[Data excerpt]

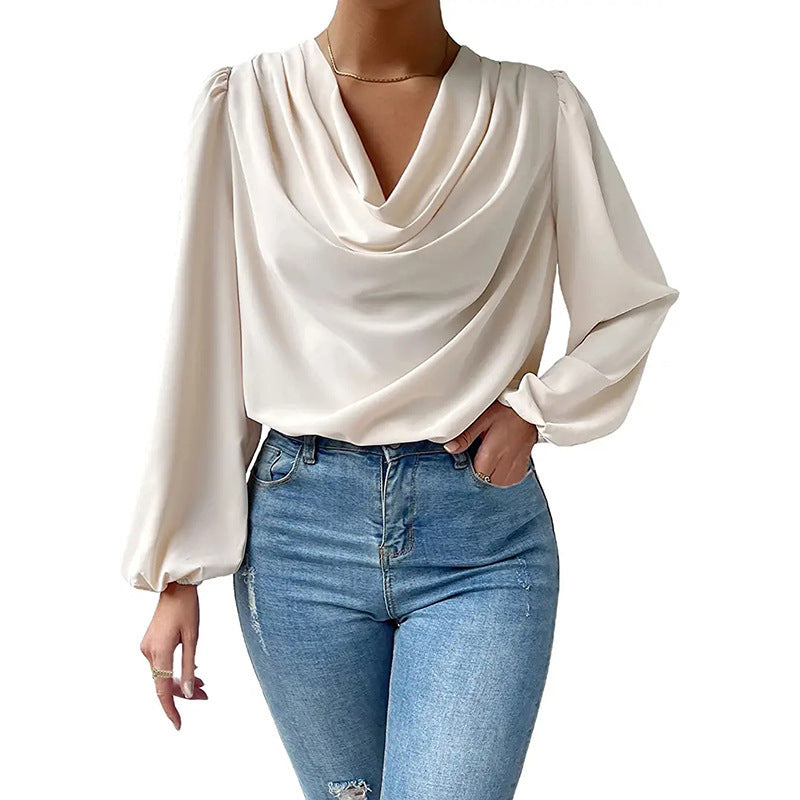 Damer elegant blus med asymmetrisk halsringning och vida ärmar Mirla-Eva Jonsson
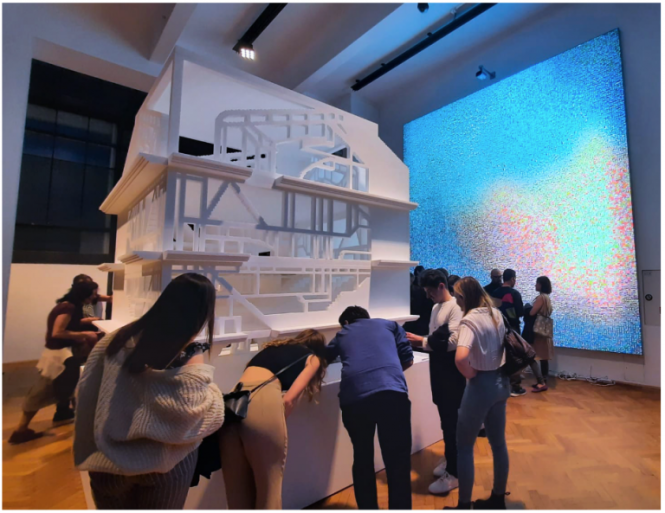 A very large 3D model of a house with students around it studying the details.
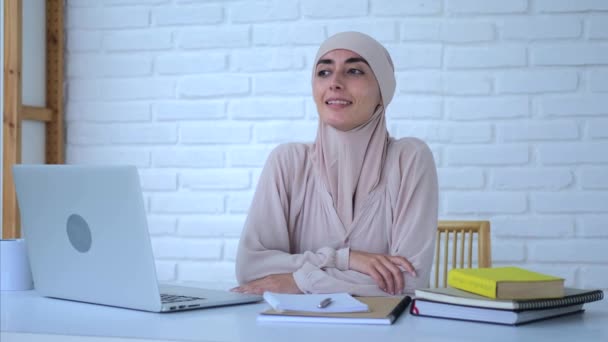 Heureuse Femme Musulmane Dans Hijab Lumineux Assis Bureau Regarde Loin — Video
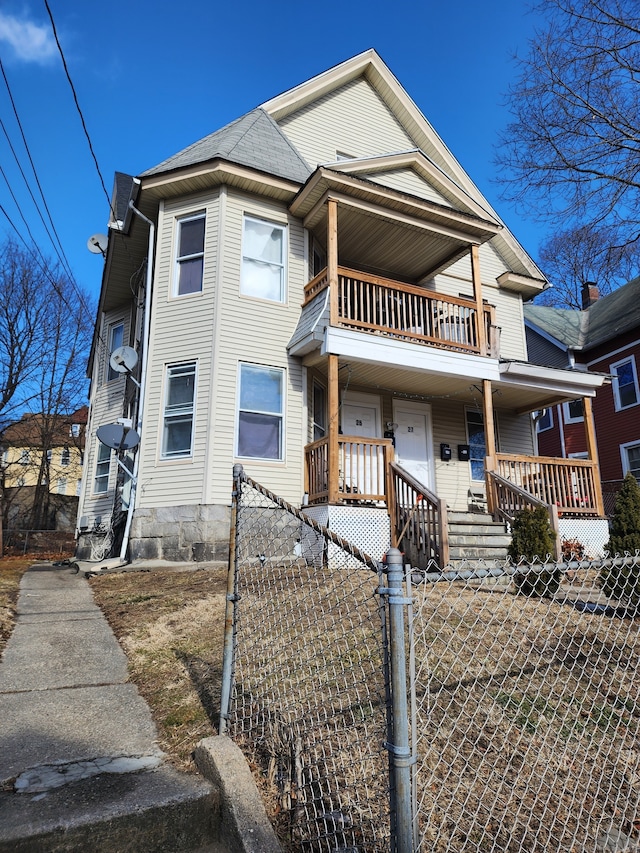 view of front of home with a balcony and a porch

[/Data excerpt]

What is being asked - Only the lines from the one containing "Heureuse Femme Musulmane" through the last line of the data may appear in the answer, each given again exactly and with pictures left out.

Answer section -
 Heureuse Femme Musulmane Dans Hijab Lumineux Assis Bureau Regarde Loin — Video
 view of front of home with a balcony and a porch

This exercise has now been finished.